Herb-crusted wild salmon with arugla, farro and sundried tomatoe in citrus oil and zenzero balsamic:
The salmon was overdone and the farro was coated with too much fat — I’m not sure if it was the citrus oil or butter or the fat from the salmon. It wasn’t very special.
On the othe hand, the fava bean and mascarpone ravioli with sage, shiitake and pomodoro fresco was a close second favorite on the entree side:
It’s a little too busy — I didn’t expect so much tomato sauce and cubed tomato (and it’s the same tomato concasse from the calamari), but the flavor of the fava came out nice and clear despite the heavy hand on the sauce. It was rich, so it probably could use a little acid, anyway. Very satisfying.
Here’s the papardelle with veal bolognese, parmigiano and fresh mint:
The pasta — homemade, and you can tell — was delicate and light, but wide enough to stand up to the sauce. Besides that pretty garnish of a sprig of mint, we didn’t find any mint in the sauce. But it was a hearty plate for sure. A good warmer on a chilly night like Monday.
And the fifth entree is the Flat Iron steak tagliata with pancetta potato mash, pepper and cippole and brunello:
Nice piece of meat. Char on the outside. Very rare on the inside. (If you like it even medium rare, you should ask for that.) Sauce was thick and rich. This meal is worth the $28 on its own.
On to dessert, shall we?
OK there’s a reason the zeppole are famous. Because a puffy piece of fried dough with powdered sugar and three dipping sauces is good, even if it’s bad. Which it absolutely is not.

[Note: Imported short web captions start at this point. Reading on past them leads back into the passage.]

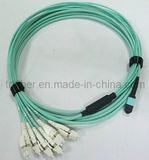 MTP/MPO-LC OM3 Fiber Optic Patch Cord (fiber optic cable)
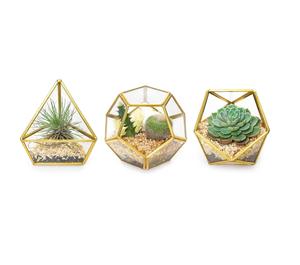 Vintage Design Glass Terrarium Geometric <b>Mini</b> Gardens for Air Plants Home Decor Office Decor At Best Price . - Product Image 3
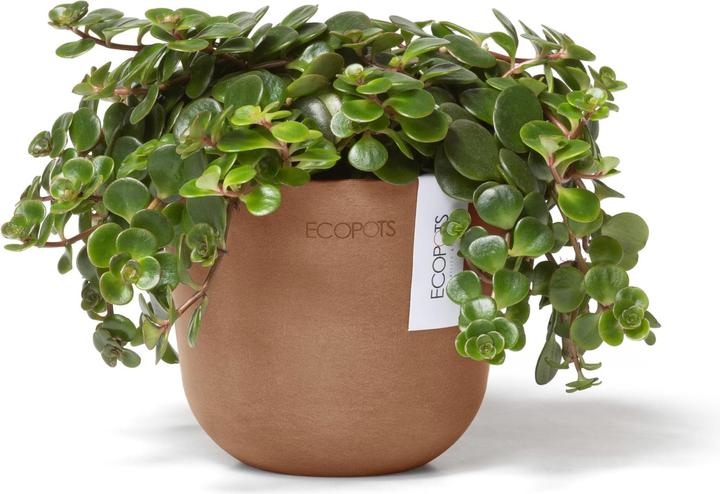 Actual product image Ecopots Oslo Mini (16 cm)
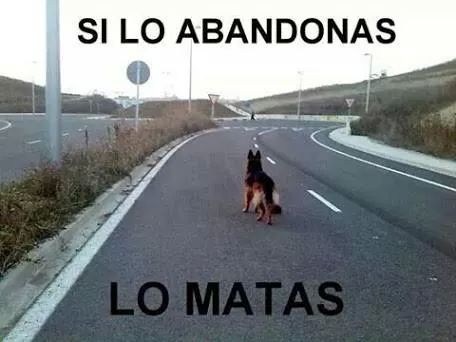 ferveintidos's tweet photo. Si lo abandonas lo MATAS di NO al #abandono http://t.co/kZhbumIWrE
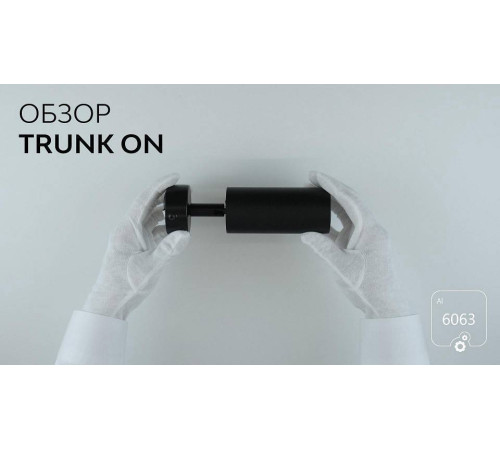 Спот 6063 Trunk On 1030901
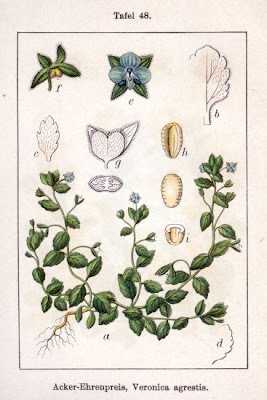 Field speedwell
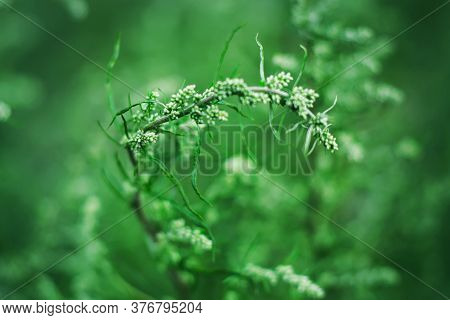 A Curved Branch Of Green Bitter Wormwood In A Thicket Of Greenery In The Summer.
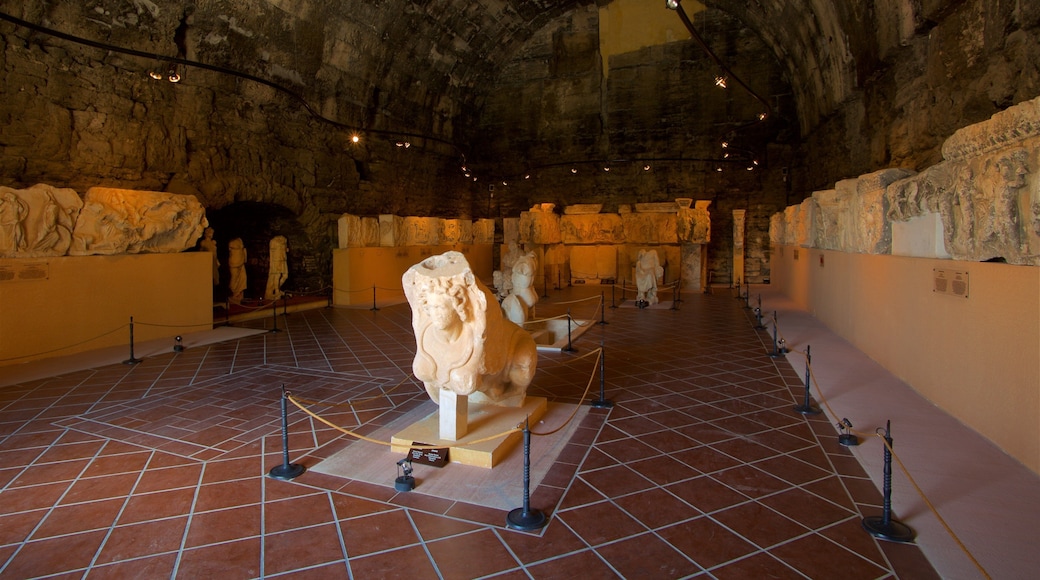 Hierapolis Archaeology Museum which includes interior views and heritage elements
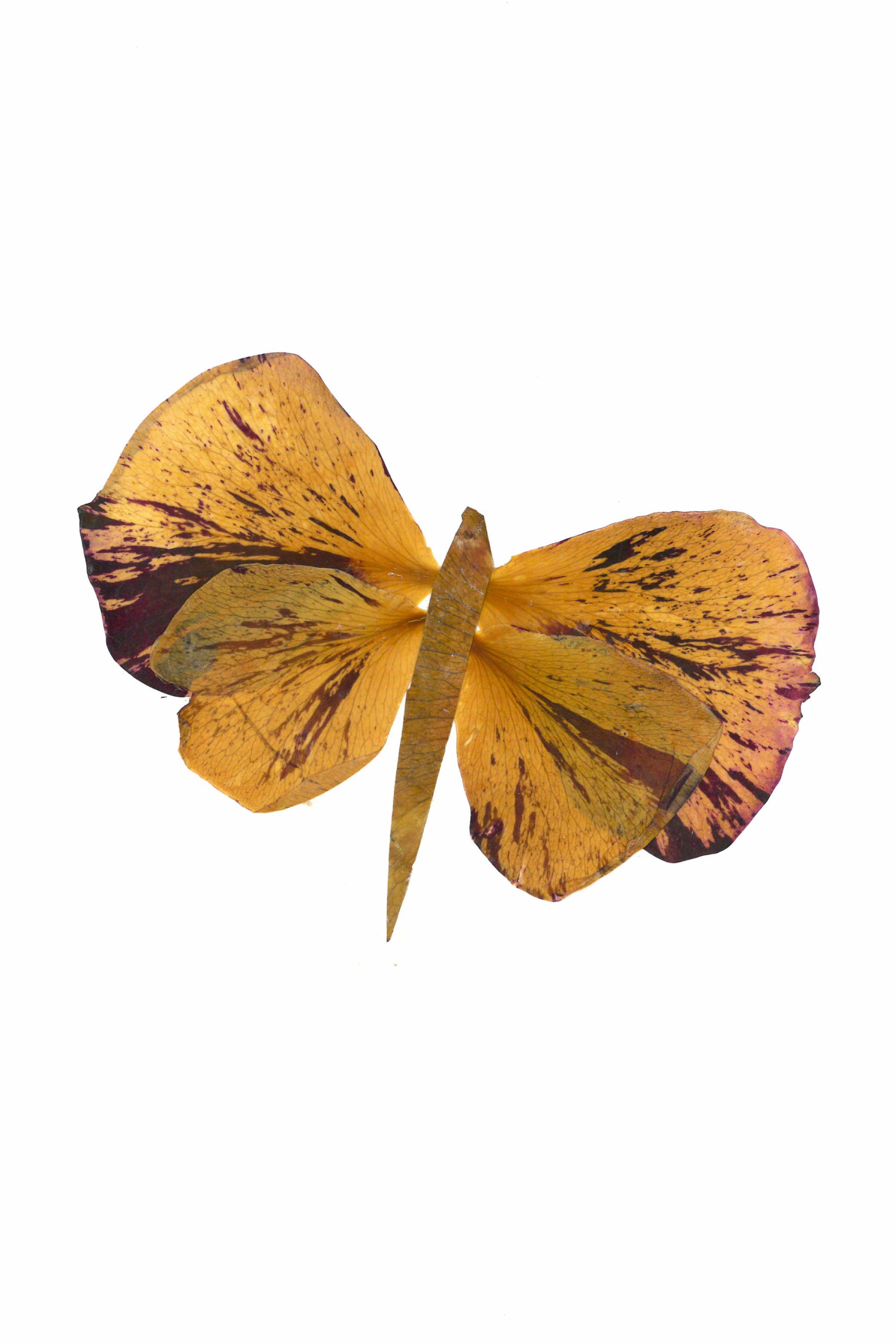 Petalography Butterfly Art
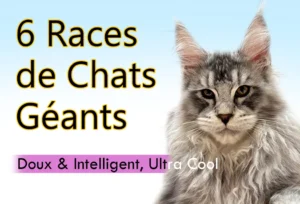 Noms de Chien Commençant par A : Guide Complet Les Plus Grands Chats du Monde : 6 Races Géantes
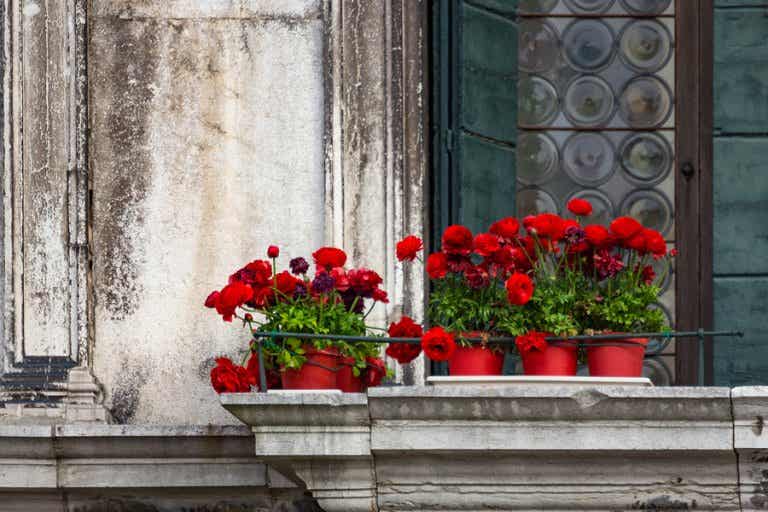 5 tipos de flores para un jardín en el balcón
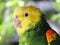 Double Yellow-Headed Amazon Parrot or Amazona oratrix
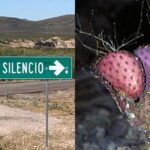 5e09c239007e4eb69b3f9dd4511031d4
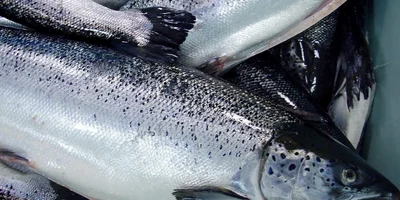 Охлаждённая рыба приходит на льду. Средний вес одной такой тушки — 5-6 килограммов. «Важно посмотреть рыбе в глаза, — говорят на производстве, — они не должны быть мутными»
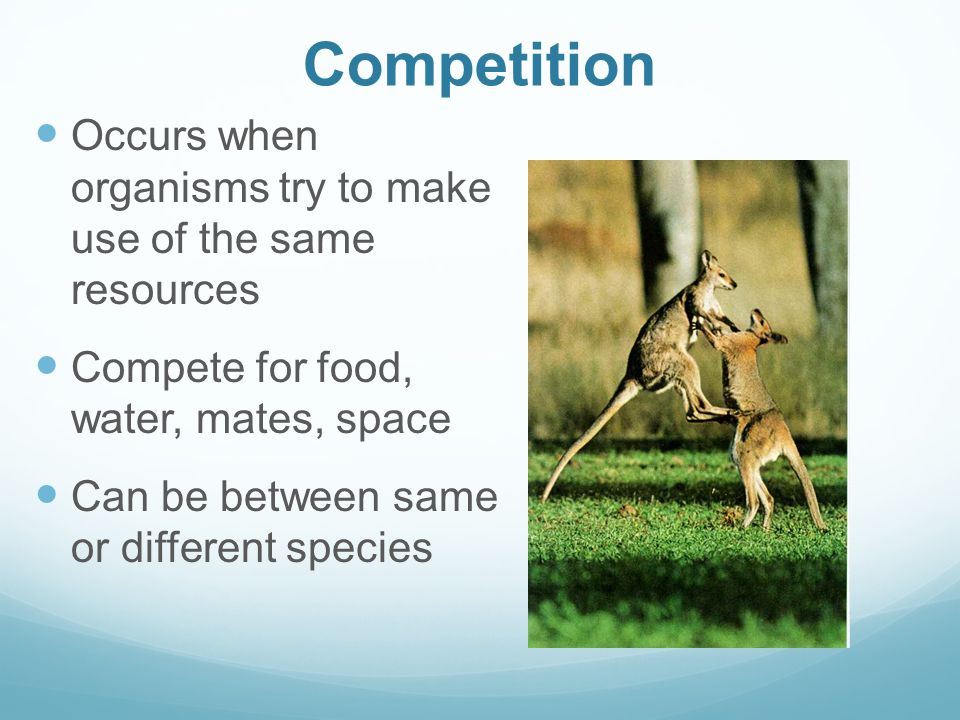 Competition Occurs when organisms try to make use of the same resources. Compete for food, water, mates, space.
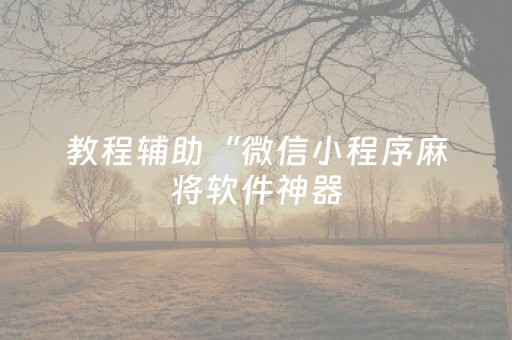 教程辅助“微信小程序麻将软件神器（专用辅牌神器免安装）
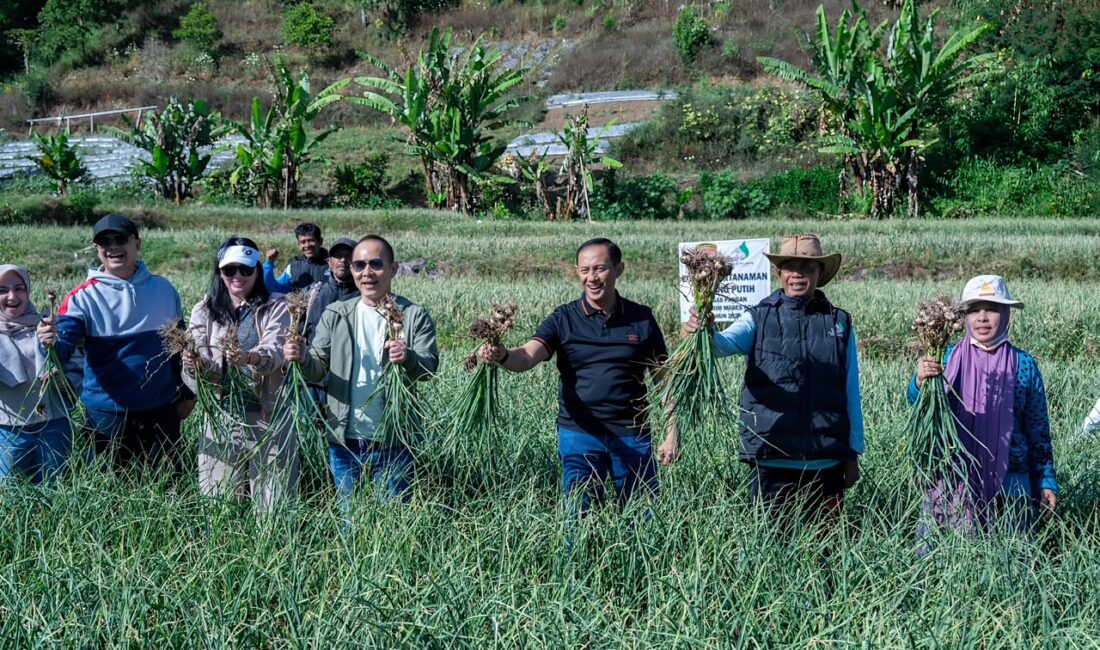 Satgas Pangan Polri Perkuat Swasembada Bawang Putih, Lahan Tanam di Sembalun Capai 534 Hektare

This is called “sexy Zuppa Inglese with custard, biscotti, chocolate and alchermes liquor”:
Really tasty. And the chocolate ganache cake was too. Very dense:
For our wine pairings for that, we could choose among the brachetto, a red sparkling wine d’acqui by marenco made in Barolo, or a cielo d’alcamo, a vine-dried sauvignon and cattarato from Sicily by Tenuta Rapiatala.
I really felt welcomed at Zuppa. There wasn’t any of this “second-class citizen for ordering off the HVRW menu” — even the menu itself is beautifully presented on a heavy-stock card that could almost pass for a wedding invitation. There was one tiny thing: when we asked our waiter what he’d recommend off the RW menu, he did say “if you choose to order from the restaurant week menu” with just a touch of disdain. But the otherwise flawless service — and I do mean absolutely flawless — service made up for that in a hurry.
I’ll say it again: if you’re still deciding where to head for HVRW 2010, may I suggest you put Zuppa at the top of the short list. And please report back here!